Annie’s eyes were almost swollen shut from crying. “They—they got her!”

“Who?” Donovan strained to keep from gripping her thin shoulders too roughly. “Slow down and breathe, Annie. Who’s got her?”

“Men—bad men with guns! They got Katy and Isaac and Molly Sue and—” She broke into hiccuping sobs again.

He caught her close, feeling her small rabbit heart pounding through her ribs. A sick, cold fear had crept over him, paralyzing in its weight. He struggled to throw it off, to freeze his emotions until he could act.

“Speak slowly now,” he said, bracing Annie at arm’s length. “Tell me everything from the beginning.”

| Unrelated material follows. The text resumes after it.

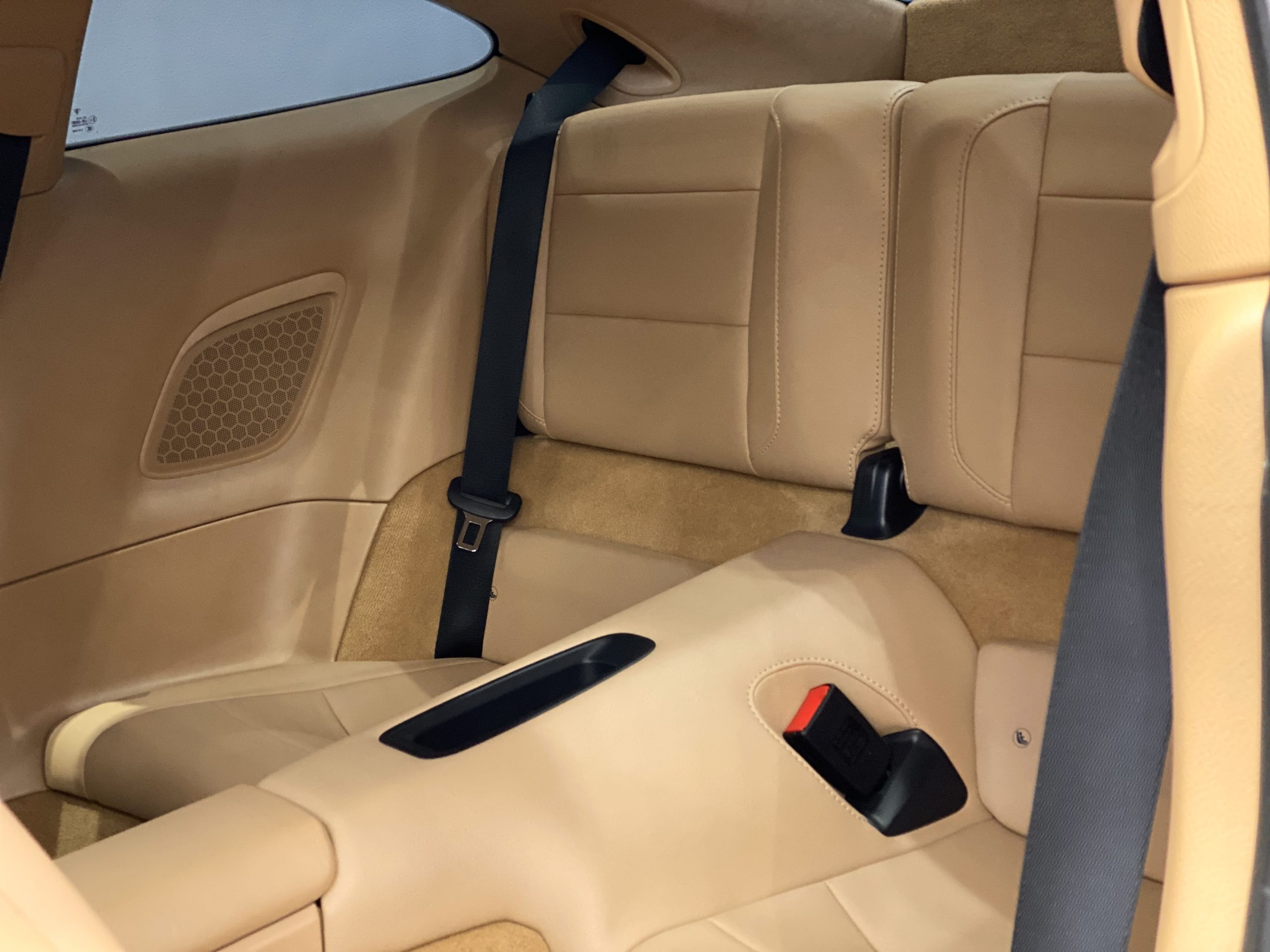 ポルシェ911カレラ4（Type991.1）PDK <br>スポーツクロノPKG<br>ベージュインテリア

Annie snuffed noisily, her bony little frame pushing against his hands. “We came out of the alley after school, and there were these three men. On horses. Then…everything happened so fast, Uncle Donovan. We heard a window breaking and a voice—a lady’s—screaming for us all to run. Somebody started shooting. I ran—” She was shaking now, losing her hard-won control. “I thought Katy was with me. But she wasn’t. And when—when I looked back, the men had her and Isaac and Molly and—”

Annie’s small, spent body sagged in Donovan’s arms as she dissolved in tears. “I should’ve grabbed her hand! I should’ve looked out for her—”

Donovan rubbed the sharp little shoulder blades, biting back his own anguish. He knew exactly what Annie was feeling. He hadn’t looked out for Virgil, either.

“It can’t be helped now, Annie,” he murmured. “Tell me where the man took Katy and the others. I’ll go after them and get them back. I promise.”

“The men—they took them into Smitty’s. There was shooting. I—I’m scared, Uncle Donovan. What if they killed her?”

“Hush!” Donovan gave her a quick, hard hug and let her go. “You’ve got to be a brave girl, now, and take care
of your mother and Samuel and little Charlie while I’m gone, understand?”

Annie nodded mutely, biting her lip.

“Come on, now.” They walked into the house, where Varina waited white-faced and silent, as if she already knew. Donovan climbed to the loft, tugged the hefty Griswold and Gunnison pistol from its hiding place under a pile of quilts, slid six bullets into the revolving cylinder and slapped the gun belt around his hips.